Now it's time to tie the front half of the fly. If you plan to use floss, the
area in front of the yellow dubbing will have to be completely flat in order to
make a smooth body. If you're going to dub, you can cover a multitude of sins
with the dubbing.
Immediately in front of the dubbing, tie in a section of flat silver tinsel.
To prepare
the
tinsel, on the end you'll be tying in, cut the material at a 45° angle. Tie the
tinsel in about 1/2 way up the cut, then fold the cut tip back over the thread
and make one more wrap to keep the tinsel from sliding when you wrap it. The
tinsel should again be tied in at about 4 o'clock. (I don't know what you'll do
until then, ok?) Select the spey hackle you'll use and tie it in just below the
tinsel, as before.
Dub seal (of substitute) forward to the back of the head of the fly - about
one eye length behind the eye, then make 5 even wraps of tinsel. As you wind the
spey hackle behind each wrap of tinsel, fold the fibers back so the hackle flows
to the back of the fly. Tie the hackle off on the bottom of the hook shank -
which is where the tinsel was also tied off.
Now, select a nicely-barred teal feather. A center feather will work best, if
you can find a good one. Strip off all the fluff at the base of the feather
clear up to the point where the stem of the feather gets thinner. Stroke the
fibers back and tie feather in by the tip at about 4 o'clock again. Make 1-3
wraps of hackle, pulling the fibers to the back of the fly, and tie off on the
side of the hook shank.
When
the teal is tied off, stroke the teal and the spey hackle back and under the
body of the fly. You can see in this picture that the teal is even with the
center of the hook shank, giving us room to tie in the wing. I also like to
flatten and clean up the head area with a few wraps of thread. Note also that
I've changed from the white to black thread. You can do this after the yellow
dubbing has been completed.
Hold a white turkey quill with the top of the feather towards you. The left
side of the
feather
will create the wing closest to you while the right side of the feather makes
the wing that is on the far side of the fly. Decide how full you want the wing
and select a slice of fibers from each side of the feather. Cut them from the
quill. Tie the close wing on first at about 10 o'clock, then tie the far wing in
at about 2 o'clock. Each wing should be tied in with 1 wrap of thread. Take a
look to see how the wing appears to you. The tips of the wing should extend
somewhere near the bend of the hook or so. A little longer or shorter is fine.
It is nice if the wing nestles into the topping used for the tail.
Once the wing is in the right position, you may want to try to marry the tops
of the
two
wings together so they form a tent over the fly. I'm certainly no expert on how
these flies looked traditionally, but this looks pretty good to me.

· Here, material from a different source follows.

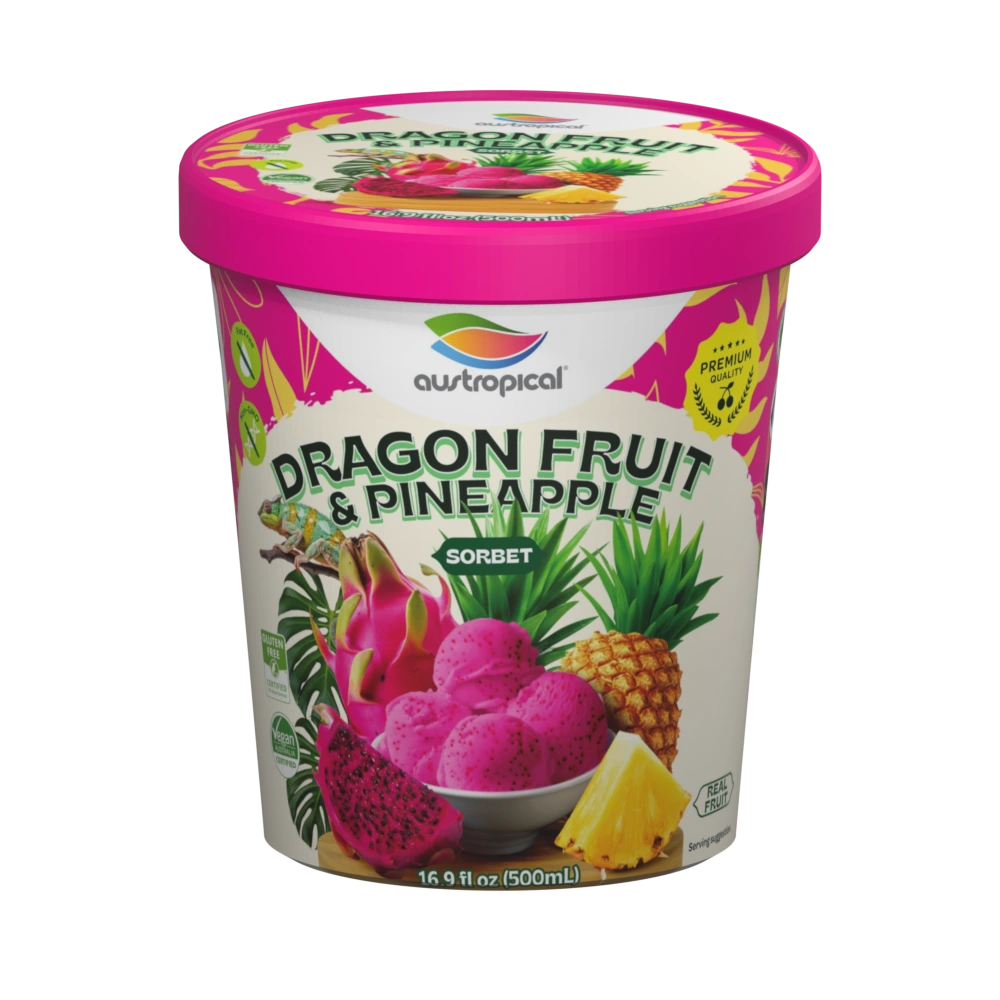 Dragon Fruit and Pineapple sorbet tub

Now it's time to add the jungle cock. Select two feathers that are about the
same length and decide how long you'd like them to be on the fly. I like them to
flow down and away from parallel to the hook shank, extending about 1/2 way back
to the point of the hook. Hold the feathers with the backs together, and strip
away the fluff at the base of the feather where you want to tie it in.
Tie
the jungle cock in below the bottom edge of the wings, one feather at a time.
You'll know that the length is right by tying them in on the stripped portion of
the stem, up against the fibers that remain. Try to get the same angle on each
feather.
It's time to trim away any excess material. Sometimes it is a good idea to
wrap thread over the area you intend to trim in order to scrunch it down. Then,
unwind the thread and trim the excess material with very fine scissors or with a
razor blade. Form the head with thread. Make it clean and conical in shape. When
you are happy with the shape and appearance of the head, trim the
thread
and put a thin coat of head cement on it. Add cement or a thicker material to
make a smooth, glossy head.
Take a break; you've earned it.
Tying Atlantic Salmon flies is challenging and fun. It adds a new dimension
to your tying palate and offers a creative outlet for those who've tied enough
elk hair caddis flies for the time being. Let us know if you'd like more of
this. I hope it opens a new world of fly tying for you.